Dilansir dari detikINET, hasil riset Oxford Economics mengungkapkan bahwa ekosistem kreatif YouTube menyumbang sekitar Rp8,4 triliun terhadap Produk Domestik Bruto (PDB) Indonesia sepanjang 2025. Dalam periode yang sama, aktivitas ekonomi yang lahir dari platform tersebut turut menopang sekitar 190 ribu lapangan kerja setara pekerjaan penuh waktu. Data tersebut dipaparkan dalam acara Google & YouTube Ekonomi Kreatif di Jakarta.
Country Director Google Indonesia, Veronica Utami, mengatakan perkembangan ini menunjukkan bahwa profesi kreator konten telah berkembang menjadi bagian penting dalam ekonomi digital Indonesia. Banyak kreator yang memulai dari kanal pribadi kini mampu membangun bisnis, merekrut tim produksi, hingga menciptakan peluang usaha bagi masyarakat.
Riset yang sama juga mencatat 81 persen kreator YouTube di Indonesia memperoleh pendapatan melalui platform tersebut. Selain itu, 75 persen pelaku usaha kecil dan menengah (UKM) yang memanfaatkan YouTube mengaku berhasil menjangkau konsumen baru, termasuk pasar internasional, berkat konten digital yang mereka unggah.

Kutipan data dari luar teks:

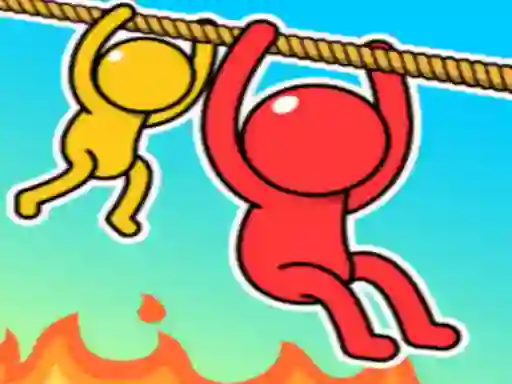 Rope Hero Rescue – kostenloses Online-Spiel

Dampak ekonomi itu tidak hanya dirasakan oleh para kreator. Pertumbuhan ekosistem YouTube turut menggerakkan berbagai sektor pendukung, seperti rumah produksi, agensi kreatif, editor video, fotografer, hingga pelaku usaha yang menyediakan layanan pemasaran digital.
Pada kesempatan yang sama, Wakil Menteri Ekonomi Kreatif sekaligus Wakil Kepala Badan Ekonomi Kreatif, Irene Umar, menilai kreator konten perlu terus mengembangkan potensi bisnis mereka di luar platform digital. Menurutnya, kolaborasi dengan berbagai industri, pengembangan produk, hingga lisensi merek menjadi langkah strategis untuk memperluas dampak ekonomi kreatif Indonesia.
Ia optimistis perkembangan ekonomi digital akan terus membuka peluang baru bagi generasi muda. Dengan kreativitas yang didukung teknologi, para kreator dinilai mampu menjadi salah satu penggerak pertumbuhan ekonomi sekaligus memperkuat daya saing Indonesia di tingkat global.